After downloading the file, untar it with the following command:
tar -xzvf phoenix++-wc.tar.gz
Let’s look at this folder’s directory structure:
|-- data
| |-- dickens.txt
| |-- sherlock.txt
|-- Defines.mk
|-- docs
| |-- 2011.phoenixplus.mapreduce.pdf
|-- include
| |-- atomic.h
| |-- combiner.h
| |-- container.h
| |-- locality.h
| |-- map_reduce.h
| |-- processor.h
| |-- scheduler.h
| |-- stddefines.h
| |-- synch.h
| |-- task_queue.h
| |-- thread_pool.h
|-- lib
|-- Makefile
|-- README
|-- src
| |-- Makefile
| |-- task_queue.cpp
| |-- thread_pool.cpp
|-- word_count
|-- Makefile
|-- README
|-- word_count.cpp
The folder data
contains some sample data files for you to play with. The
file Defines.mk
contains many of the compiler flags and other directives
needed to compile our code. The docs
folder contains the Phoenix++ paper
that you can read. The include
folder contains all the header files we need
for our Phoenix++ application. The lib
directory is currently empty; once
we compile our code, it will contain the phoenix++ library file,
libphoenix.a
. The src
folder contains the code needed to make the
Phoenix++ library file. Lastly, our word count application is located in the
directory word_count
.
- To compile the application, run the
make
command in the main Phoenix++-wc - directory:
make
Let’s run the application on the file dickens.txt
. This file is 21MB, and
contains the collective works of Charles Dickens. Run the application with the
following command:
time -p ./word_count/word_count data/dickens.txt
This will show you the top 10 most frequent words detected in dickens.txt
.
To see detailed timing information, uncomment the line #define TIMING
in
include/stddefines.h
.
Below you will find a series of exercises to explore the example further. Happy analyzing!
Exercises¶
Let’s explore the word_count.cpp
file a bit futher by modifying it slightly.
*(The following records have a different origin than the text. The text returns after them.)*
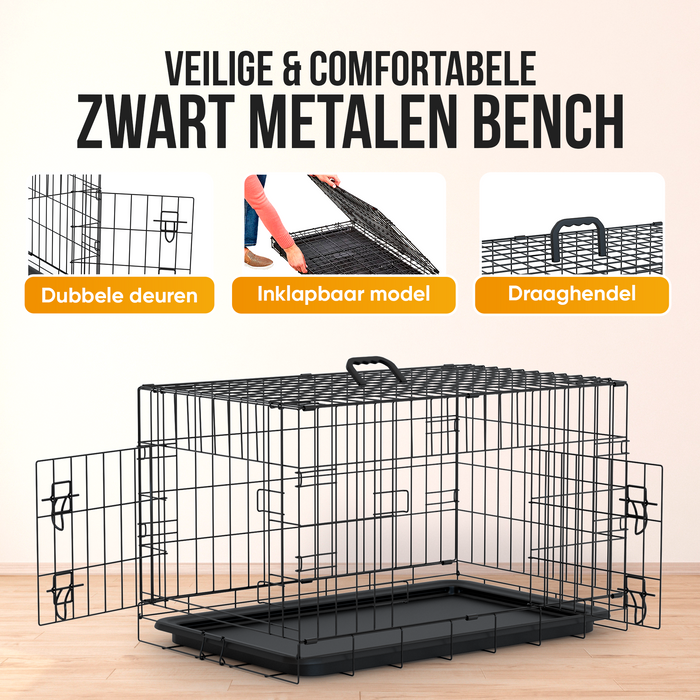 Avalo Hondenbench XS - Bench Voor Honden - Opvouwbare Kooi - 2 Deuren - 50x30x35 CM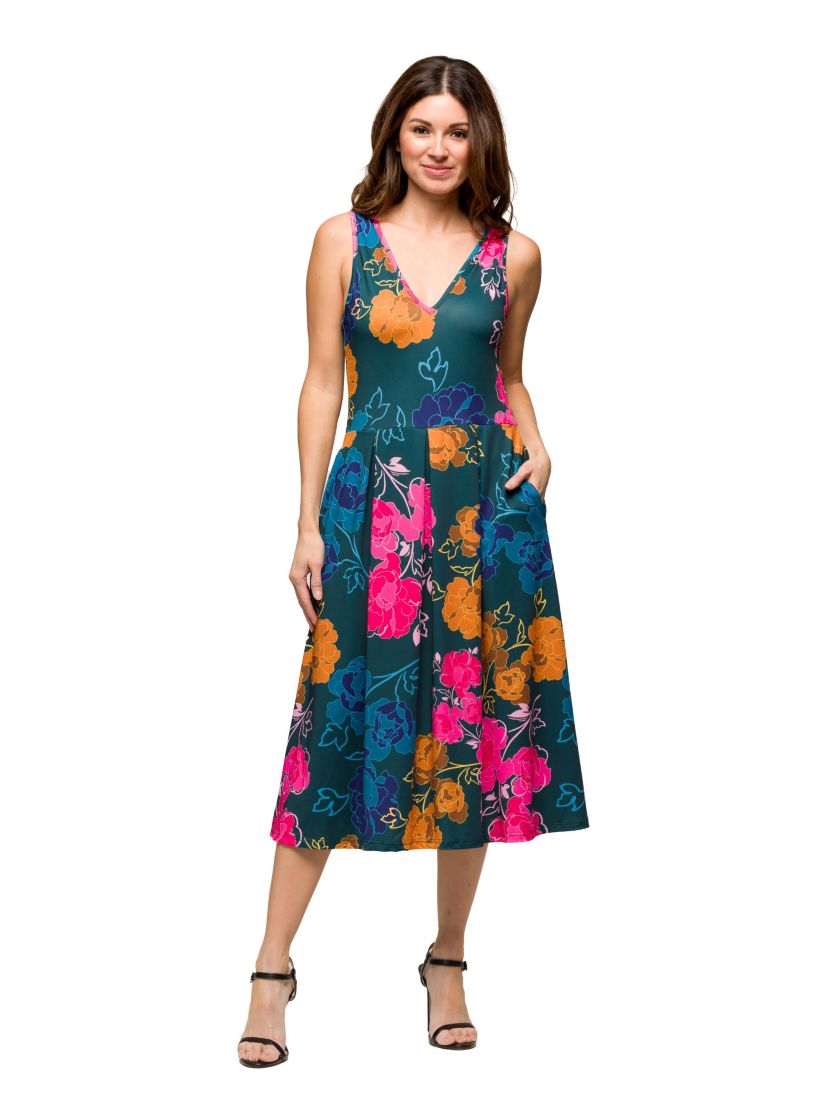 Womens Midi Length Blue Floral Print Sleeveless Pleated Pocket Dress
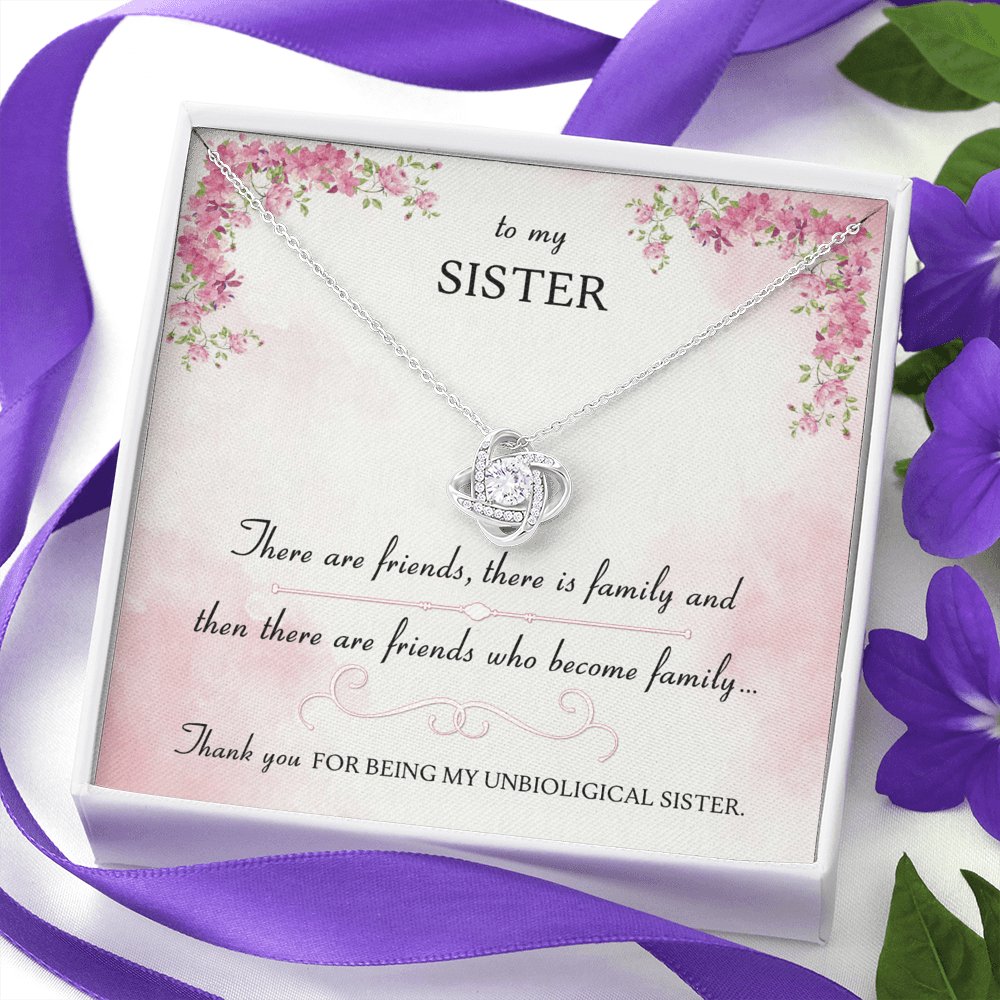 To My Sister - Friends Who Become Family - Love Knot Necklace - Celeste Jewel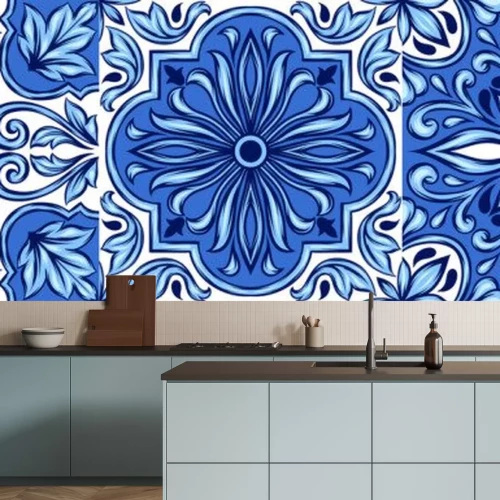 Sticker Drie blauwe Azulejo tegels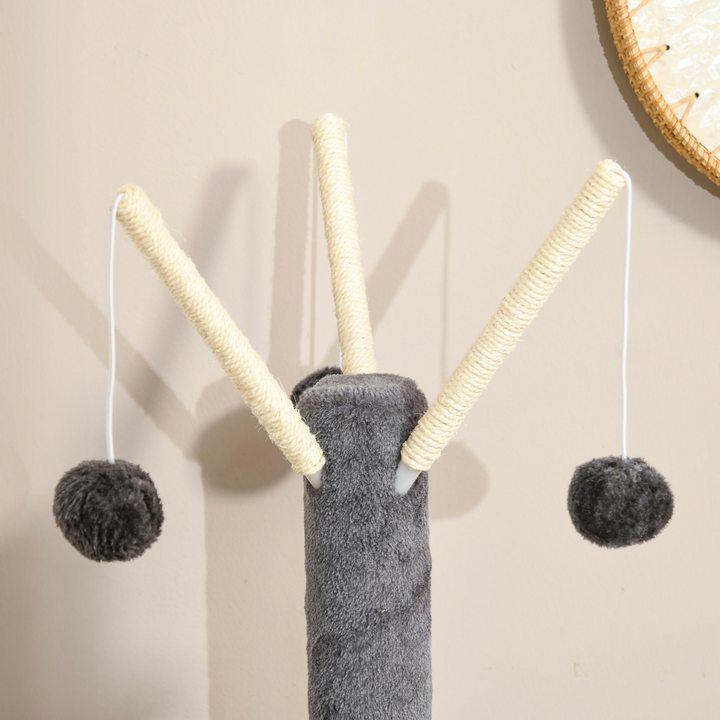 Deluxe 121cm Cat Tree Tower: Scratching Posts, Bed, Tunnel & Perch - Grey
Remember, every time you change this file, you must recompile your code using
the make
command!
- Run the word count program to print the top 20 words, the top 50 words, and the top 100 words. How does the run-time change?
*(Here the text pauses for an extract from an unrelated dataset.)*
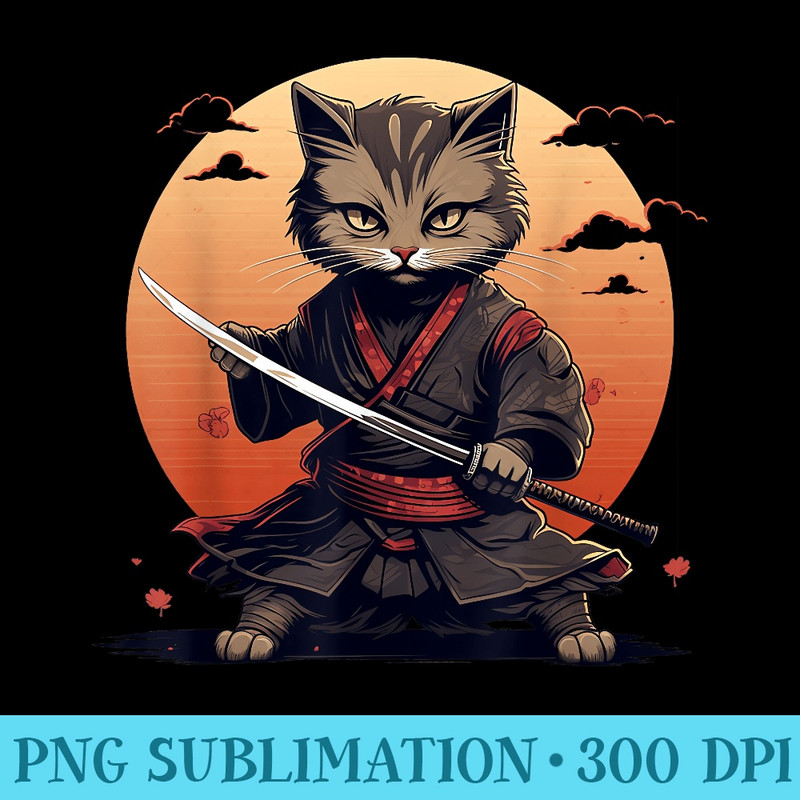Japanese Samurai Cat Tattoo Kawaii Ninja Cat - Download Shirt PNG - Revolutionize Your Designs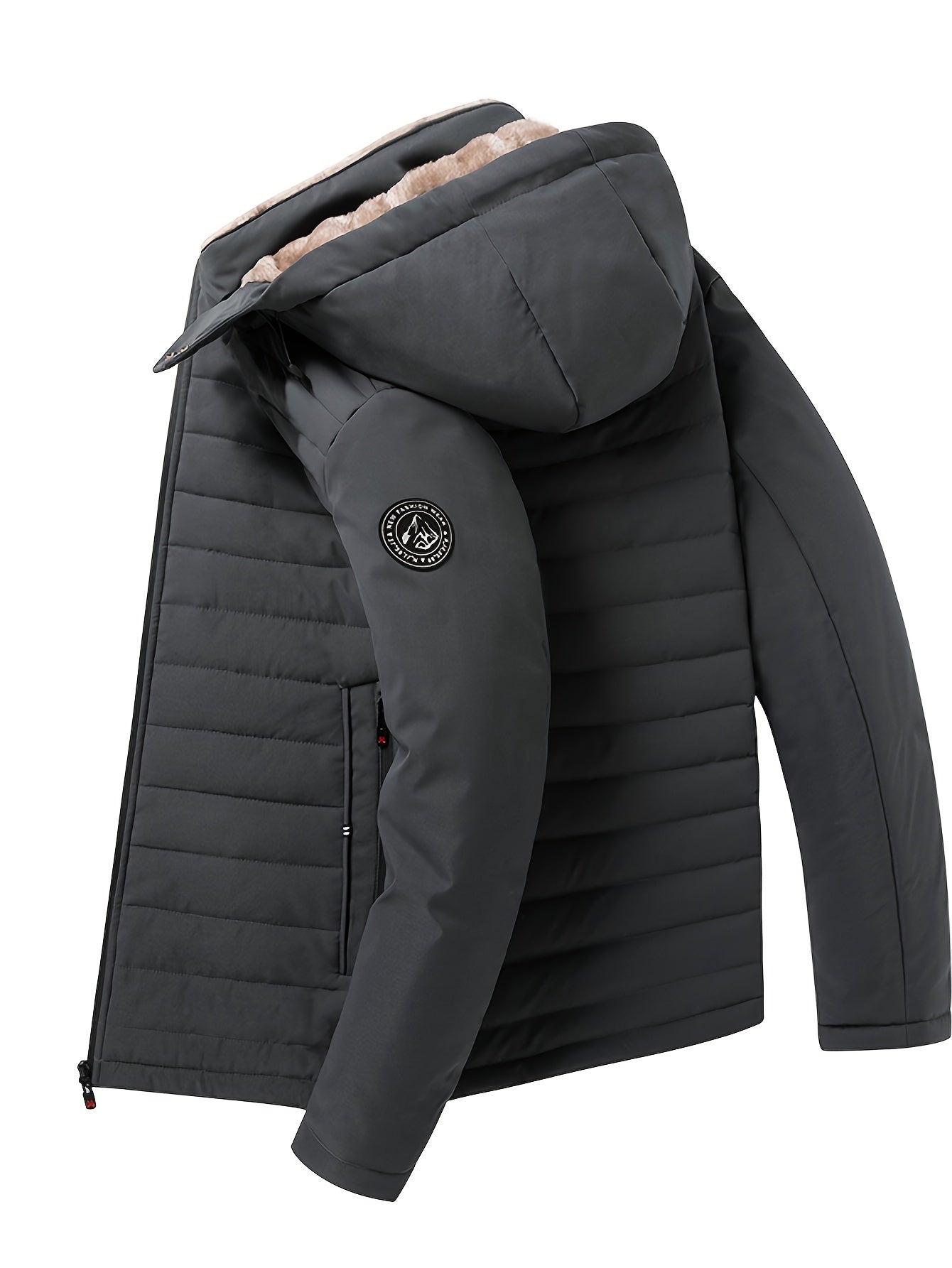 WW | Stylische Winterjacke für Männer - Warme, wattierte Fleecejacke mit Kapuze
- Use the setenv command to set the
MR_NUMTHREADS
environmental variable to a user inutted number of threads inmain.cpp
. Check the setenv documentation for more details. - Check the number of CPU cores on your machine by checking
/proc/cpuinfo
. Vary the number of threads from 1...c where c is the number of CPU cores. Usingsherlock.txt
create files from sizes 100MB ... 500MB in increments of 100MB. Calculate the speedup and the efficiency for each dataset on each core combination. Plot your results using Matplotlib. - Most of the words that have been showing up are common short words, such as
“and”, “the”, “of”, “in”, and “a”. Modify the
map()
function to only print out words that are five characters or longer. What are the top ten words now? How does Charles Dickens’ top 10 words differ from Arthur Conan Doyle’s? - Challenge: The words that are showing up are still those that largely
reflect the grammar of an author’s writing. These are known as function words.
Modify the
map()
function to exclude any words that are function words. A list of 321 common function words can be found at this link.